Jan left the rest of his musk-ox to the wolves and foxes. He went out into the snow, and found half a dozen other snow-wallows in which the helpless Melisse had taken her chilling baths. He watched Maballa with a new growing terror, and fifty times a day he said to her:
"Melisse ees not papoose! She ees ceevilize—lak HER!" And he would point to the lonely grave under the guardian spruce.
At last Maballa went into an ecstasy of understanding. Melisse was not to be taken out and rolled in the snow; so she brought in the snow and rolled it over Melisse!
When Jan discovered this, his tongue twisted itself into sounds so terrible, and his face writhed so fiercely, that Maballa began to comprehend that thereafter no snow at all, either out doors or in, was to be used in the physical development of the little Melisse.
This was the beginning of the problem, and it grew and burst forth in all its significance on the day before Cummins came in from the wilderness.
For a week Maballa had been dropping sly hints of a wonderful thing which she and the factor's half-breed wife were making for the baby.
Jan had visions of a gorgeous garment covered with beads and gaudy braid, which would give the little Melisse unending delight.

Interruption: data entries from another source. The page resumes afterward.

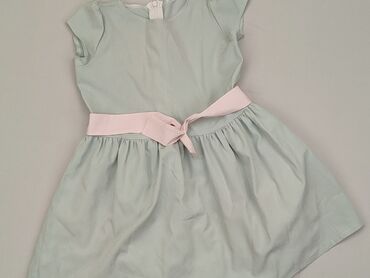 sukienki na roczek 86: Sukienka, 3-4 lat, 98-104 cm, stan - Dobry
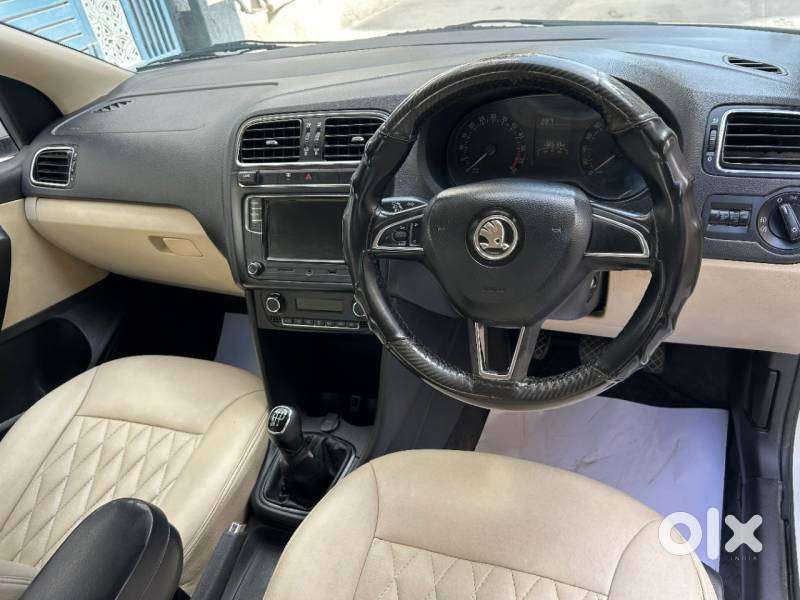 Skoda Rapid 2013-2016 1.5 Tdi Ambition, 2019, Diesel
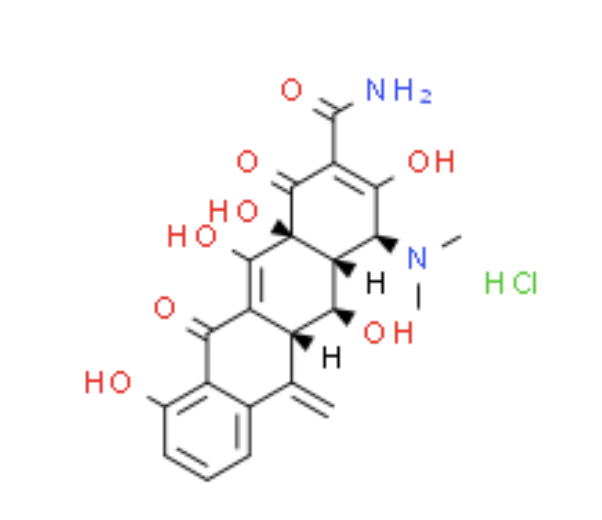 [Perfemiker]3963-95-9|盐酸甲烯土霉素|Methacycline HCl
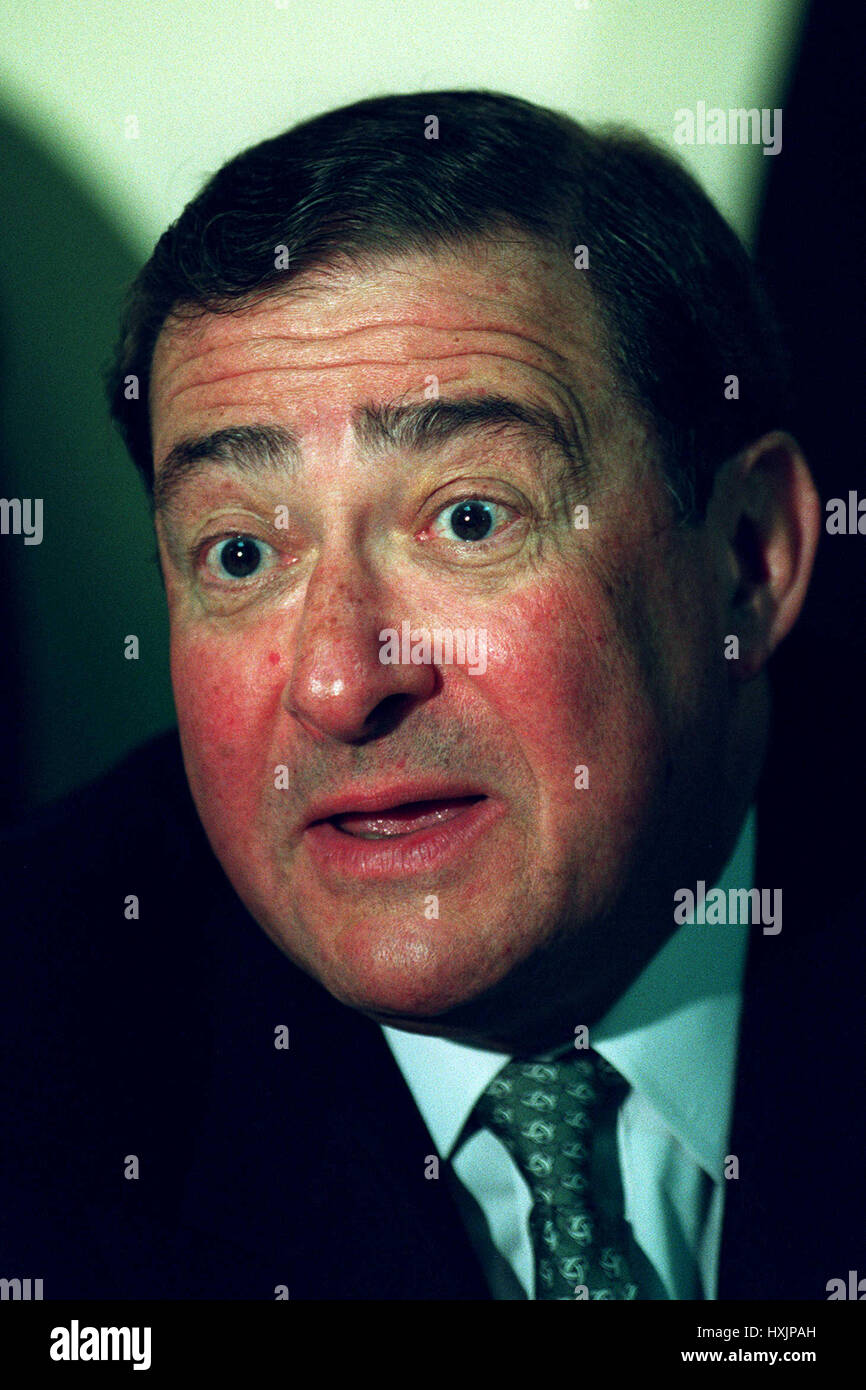 BOB ARUM BOXING PROMOTER 30 March 1994 Stock Photo Alamy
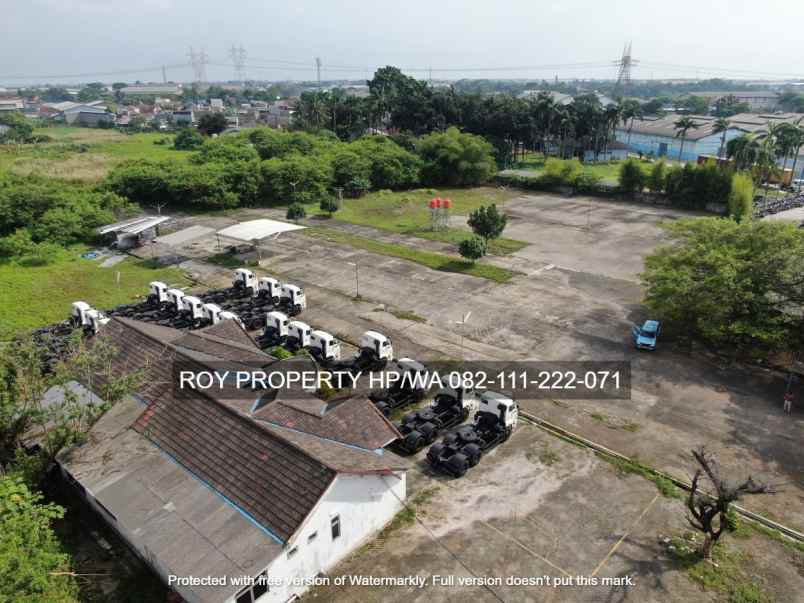 tanah jl stpi curug kadu jaya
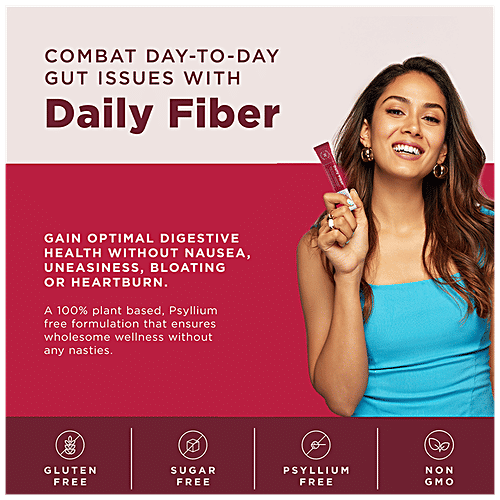 Buy Wellbeing Nutrition Organic Prebiotic Digestive Fibre For Bloating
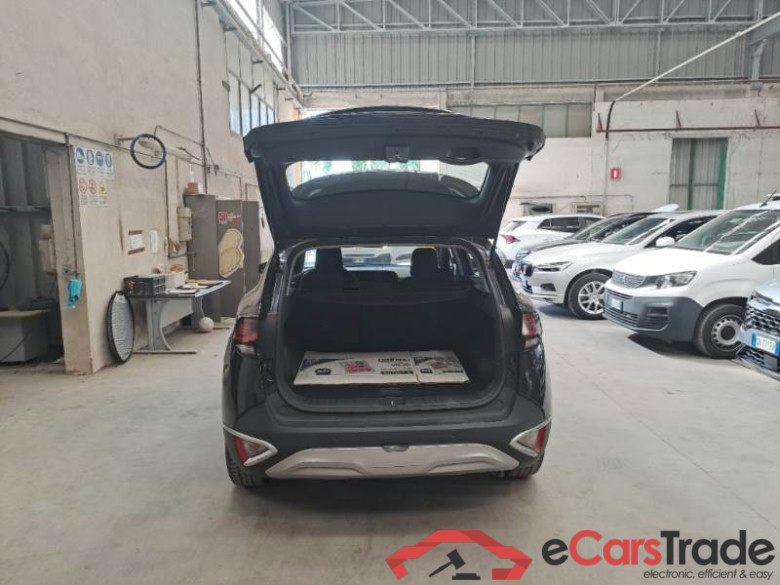 KIA SPORTAGE / 2021 / 5P / SUV 1.6 TGDI MHEV BUSINESS 2WD DCT (AUTOCARRO) #5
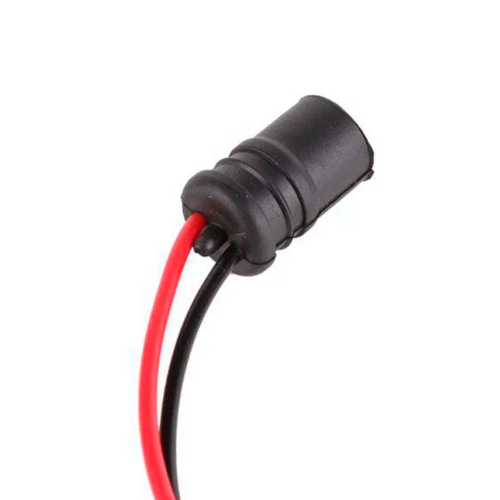 Патрон для світлодіодних ламп T10 W5W з дротом
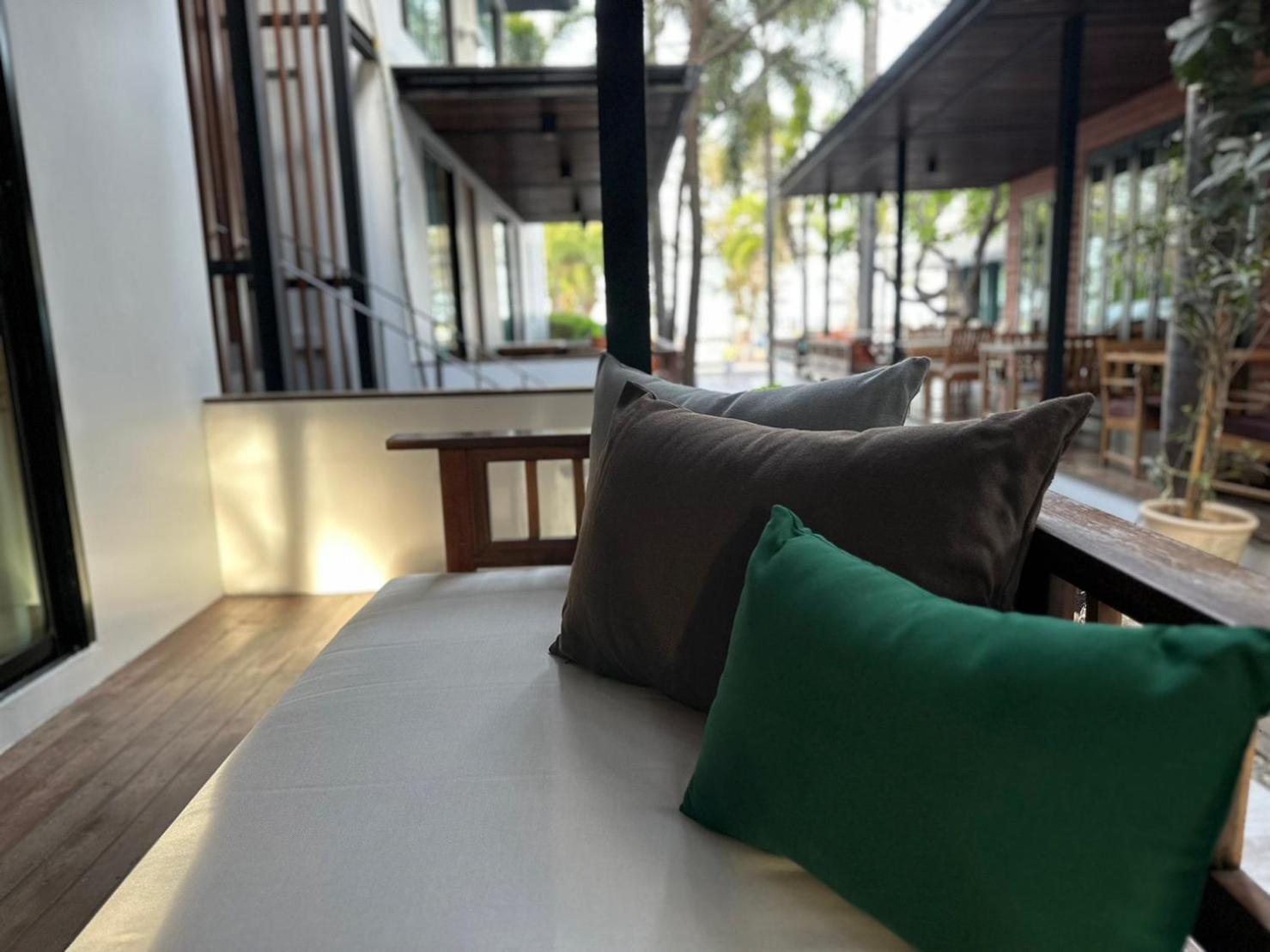 Banlansuan Resort Sha Plus Cha-Am Eksteriør bilde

On the day before Cummins' arrival, Jan came in from chopping wood, and went to the cot. It was empty. Maballa was gone. A sudden fear thrilled him to the marrow, and he sprang back to the cabin door, ready to shriek out the Indian woman's name.
A sound stopped him—the softest, sweetest sound in all the world to Jan Thoreau—and he whirled around like a cat. Melisse was smiling and making queer, friendly little signals to him from the table. She was standing upright, wedged in a coffin-shaped thing from which only her tiny white face peered out at him; and Jan knew that this was Maballa's surprise, Melisse was in a papoose-sling!
"Melisse, I say you shall be no papoose!" he cried, running to the table. "You ees ceevilize! You shall be no papoose—not if twen' t'ous'nd devil come tak Jan Thoreau!"
And he snatched her from her prison, flung Maballa's handiwork out into the snow, and waited impatiently for the return of John Cummins.
CHAPTER V
LOVE PATCHES
Cummins returned the next day—not that his work among the wild trappers to the south was finished, but because he had suffered a hurt in falling from a slippery ledge. When Jan, from his wood-chopping in the edge of the forest, saw the team race up to the little cabin and a strange Cree half carry the wounded man through the door, he sped swiftly across the open with visions of new misfortune before him.
What he saw when he reached the door was reassuring. Cummins was upon his knees beside the cot, his big shoulders hunched over, and Melisse was welcoming him with her whole vocabulary of sound. The injury to Cummins' leg was not serious; and not being serious, it was accepted as a special incident of Providence by Jan, for the new thoughts that had come into his head were causing him great uneasiness.
He lost no time in revealing his fears, after Maballa had been sent to the factor's wife. With graphic gesture he told of what had happened.
Cummins hobbled to the door to look upon the wallows in the snow, and hobbled back to the table when Jan ran there in excited imitation of the way in which he had found the little Melisse in Maballa's sling.
"She ees ceevilize!" finished Jan hotly. "She ees not papoose! She mus' be lak—HER!" His great eyes shone, and Cummins felt a thickening in his throat as he looked into them and saw what the boy meant.